# Exercise objective
Once the pictures are set aside, repeat all of the data below exactly.

Dataset section below:

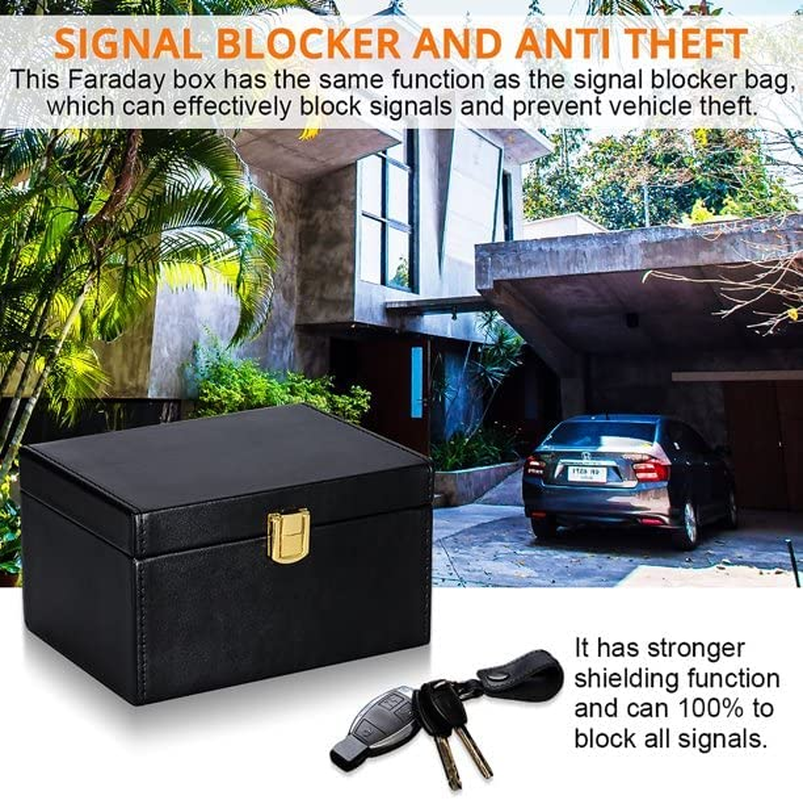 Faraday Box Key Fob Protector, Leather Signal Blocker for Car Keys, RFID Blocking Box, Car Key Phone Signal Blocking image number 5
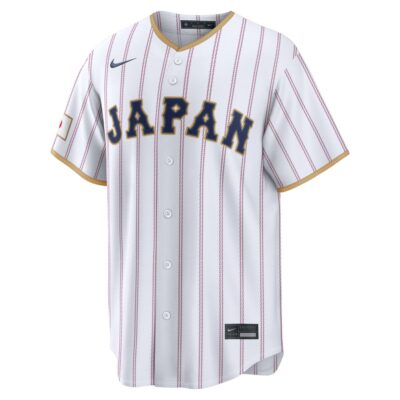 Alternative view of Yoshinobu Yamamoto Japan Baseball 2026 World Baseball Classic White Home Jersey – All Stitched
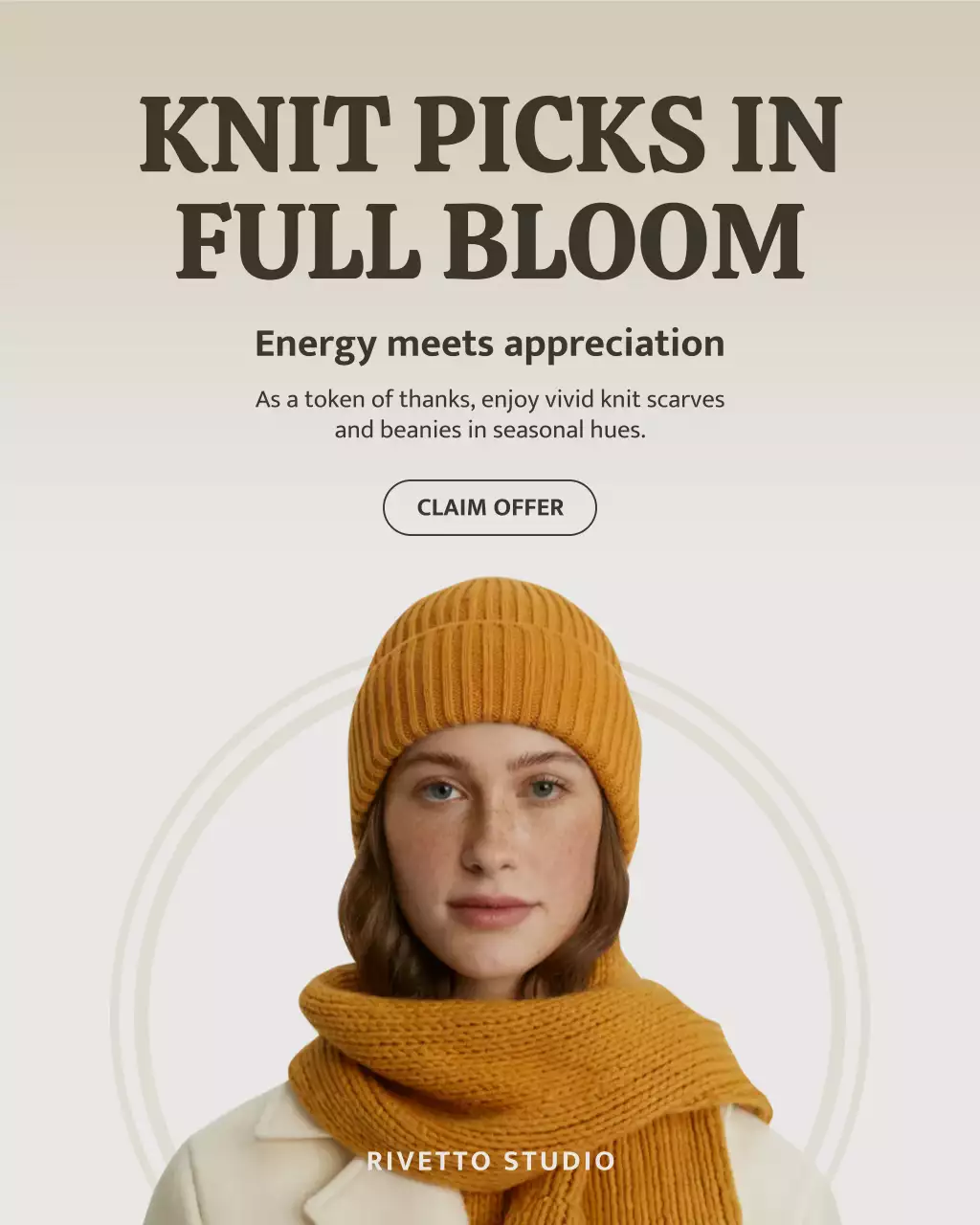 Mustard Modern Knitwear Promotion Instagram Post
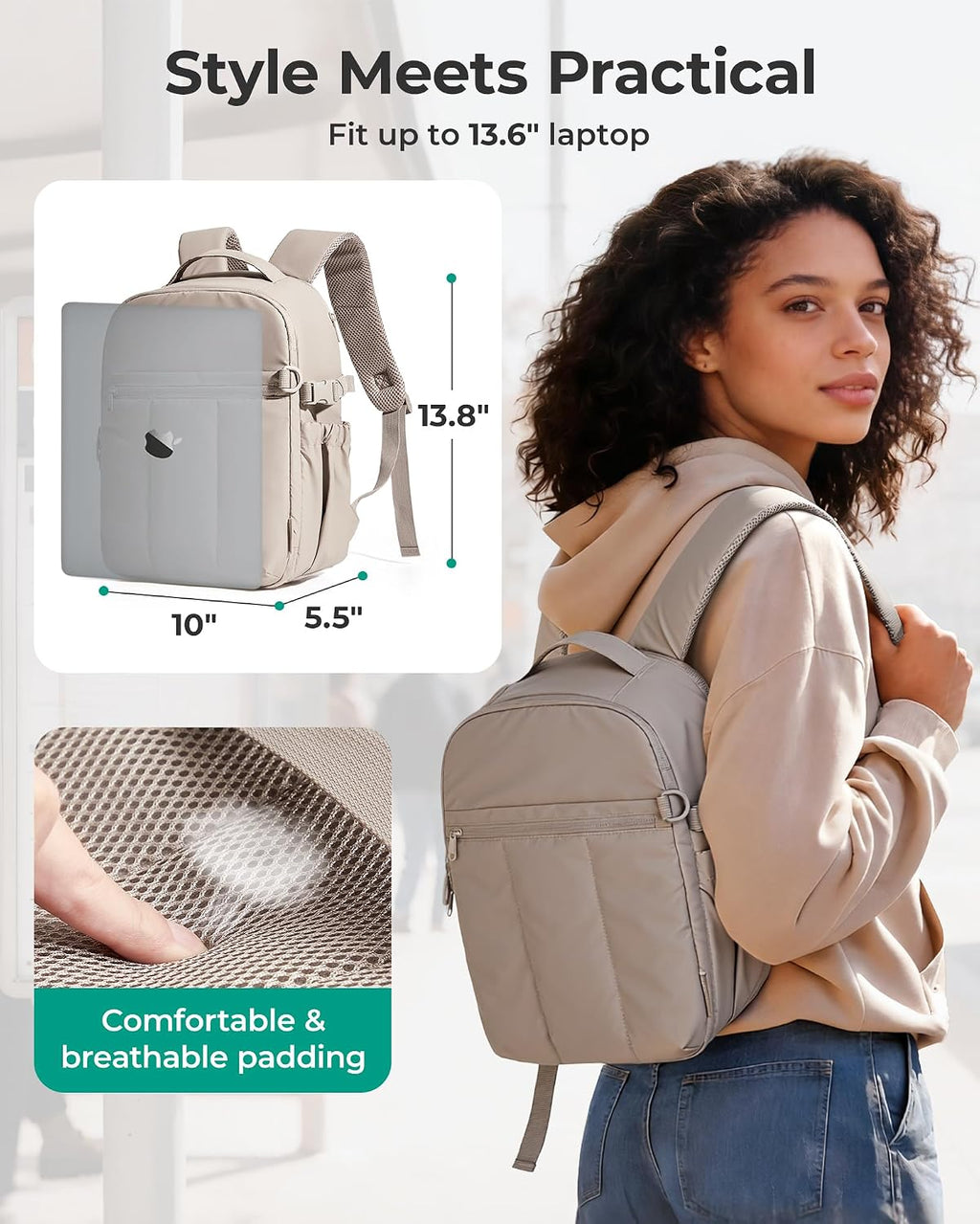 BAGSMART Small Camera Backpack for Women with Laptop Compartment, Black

End of Dataset section.

# Problem solution
 Faraday Box Key Fob Protector, Leather Signal Blocker for Car Keys, RFID Blocking Box, Car Key Phone Signal Blocking image number 5
 Alternative view of Yoshinobu Yamamoto Japan Baseball 2026 World Baseball Classic White Home Jersey – All Stitched
 Mustard Modern Knitwear Promotion Instagram Post
 BAGSMART Small Camera Backpack for Women with Laptop Compartment, Black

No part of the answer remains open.